Kleiner Waffenschein ist heiß begehrt - Massiver Anstieg der Interessenten

Hann. Münden. Immer mehr Bürger wollen sich offenbar mit Schreckschusswaffen ausrüsten und interessieren sich für den Kleinen Waffenschein, der dafür notwendig ist.

Die Nachfrage nach dem sogenannten Kleinen Waffenschein ist derzeit groß. Seit Mitte bis Ende des vergangenen Jahres werde dieses Dokument verstärkt angefragt, sagt Jörg Golde vom Ordnungsamt der Stadt Hann. Münden.

„Seit den Vorfällen in Köln und Hannover zum Jahreswechsel gibt es einen massiven Anstieg der Interessenten“, so Golde. Es sei wohl das subjektive Unsicherheitsgefühl, das dafür sorge, „dass die Bürger den Kleinen Waffenschein stärker nachfragen“. Der Kleine Waffenschein berechtigt zum Führen einer Schreckschusswaffe. Nach Angaben der Stadt Hann.Münden wurden im Jahr 2015 in Hann.Münden neun Kleine Waffenscheine ausgestellt, davon seien es pro Jahr zwei gewesen, sagt Jörg Golde.

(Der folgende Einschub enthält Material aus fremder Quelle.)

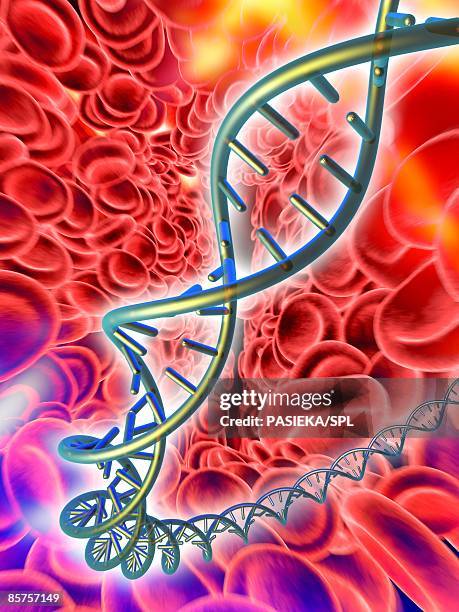 ilustraciones, imágenes clip art, dibujos animados e iconos de stock de computer artwork of dna (deoxyribonucleic acid) molecule and red blood cells - nucleótido
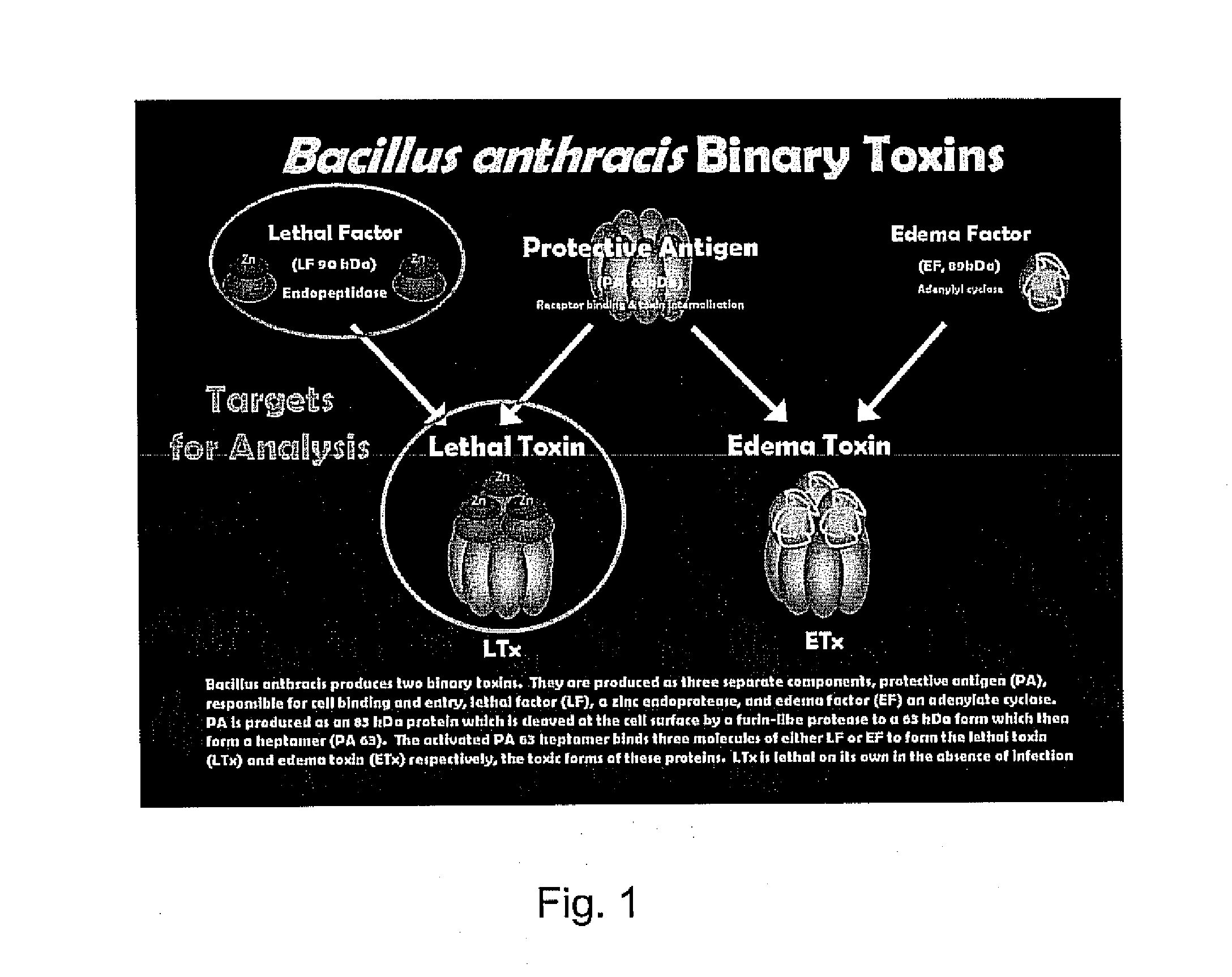 Detection of anthrax pathogenicity factors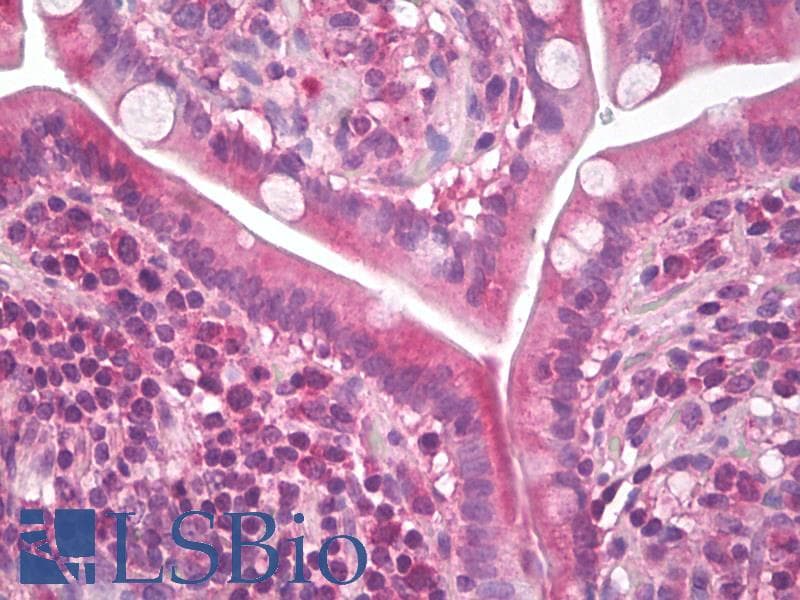 IHC-plus™ WNT3A Antibody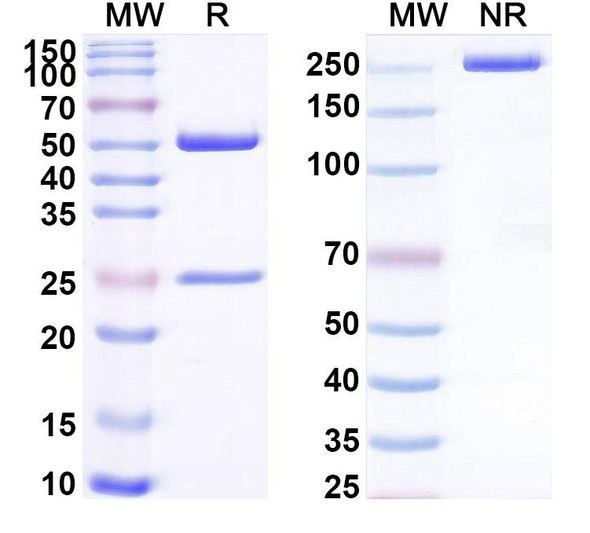 Anti-Protein flightless-1 homolog/FLII Recombinant Monoclonal Antibody (SAA2243) - SDS-PAGE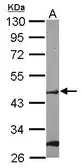 Anti-POFUT1 antibody [N1C1] used in Western Blot (WB). GTX119122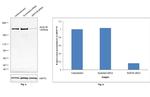 JMJD1B Antibody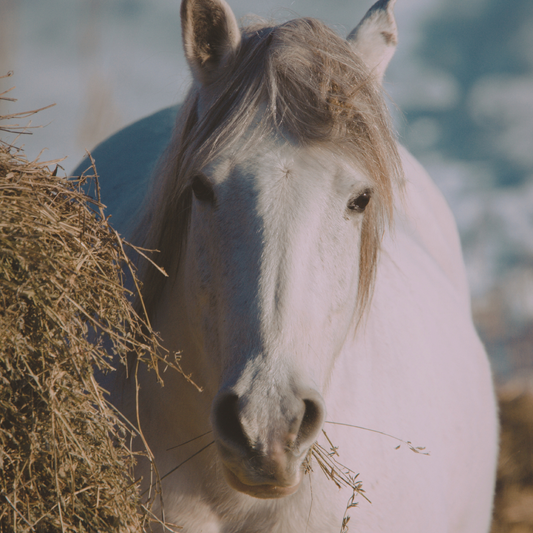 The Hidden Link Between High‑Protein Diets and Arthritis in Horses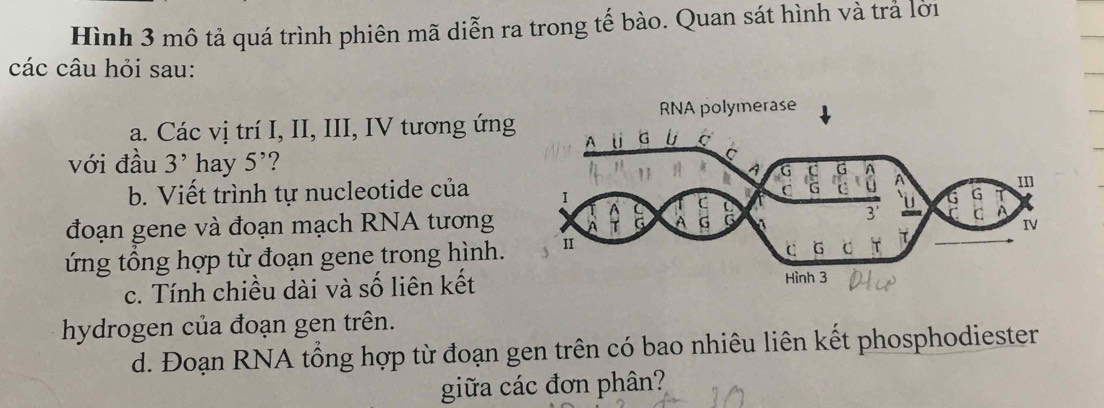 Hình 3 mô tả quá trình phiên mã diễn ra trong tế bào. Quan sát hình và trả lời 
các câu hỏi sau: 
a. Các vị trí I, II, III, IV tương ứng 
với đầu 3^, hay 5^, ? 
b. Viết trình tự nucleotide của 
đoạn gene và đoạn mạch RNA tương 
ứng tổng hợp từ đoạn gene trong hình. 
c. Tính chiều dài và số liên kết 
hydrogen của đoạn gen trên. 
d. Đoạn RNA tổng hợp từ đoạn gen trên có bao nhiêu liên kết phosphodiester 
giữa các đơn phân?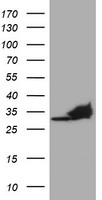 PSMA4 Antibody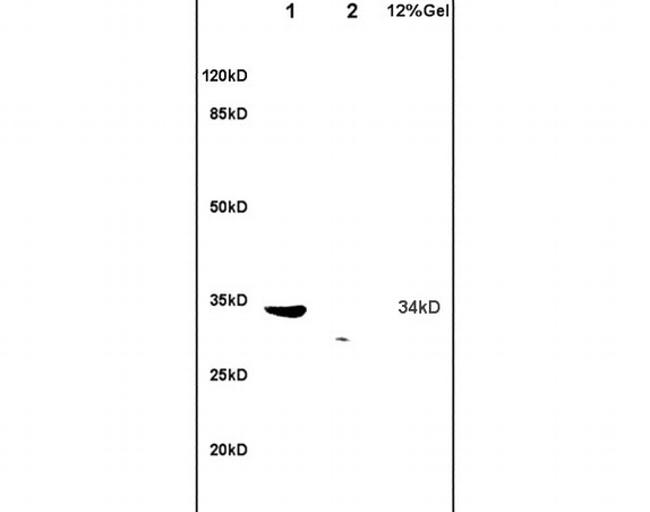 TRADD Antibody in Western Blot (WB)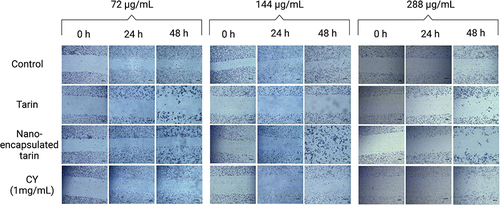 Figure 3 Migration of MDA-MB-231 adenocarcinoma cells treated with free or nano-encapsulated tarin. Photomicroscopies of the scratched areas were captured at 0 h, 24 h and 48 h after incubation with free tarin or nano-encapsulated tarin at 72, 144 and 288 µg/mL; CY- cyclophosphamide at 1 mg/mL or medium (control). Images were obtained in triplicate under an inverted microscope at a 40x magnification. Scale bars represent 200 μm.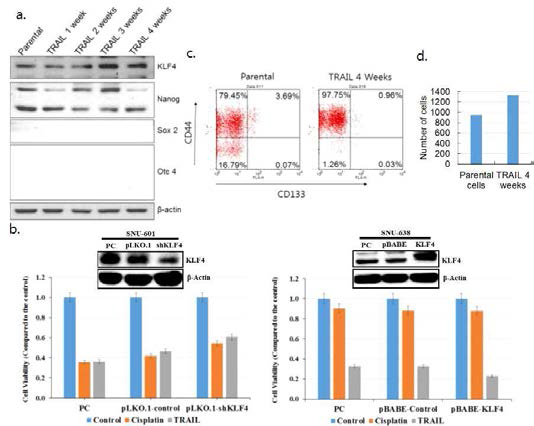 TRAIL저항성세포의 특성. a. TRAIL저항성세포가 확립되는 과정에서 줄기세포인자의 발현을 웨스턴블럿으로 관찰. b. 줄기세포인자 KLF4의 발현, 또는 발현억제에 따른 TRAIL, cisplatin의 세포독성변화를 MTT법으로 측정. c. TRAIL저항성세포가 확립되는 과정에서 종양줄기세포표지자의 CD44, CD133의 발현을 유세포분석법으로 관찰. d. TRAIL저항성세포의 침윤능을 transwell invasion assay로 분석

Auch der Landkreis Göttingen, der als Waffenbehörde auch für Dransfeld und Staufenberg zuständig ist, meldet einen Anstieg der ausgestellten Kleinen Waffenscheine. Im Jahr 2014 seien zwölf Scheine ausgestellt worden, teilt die stellvertretende Landkreissprecherin Andrea Riedel-Elsner mit.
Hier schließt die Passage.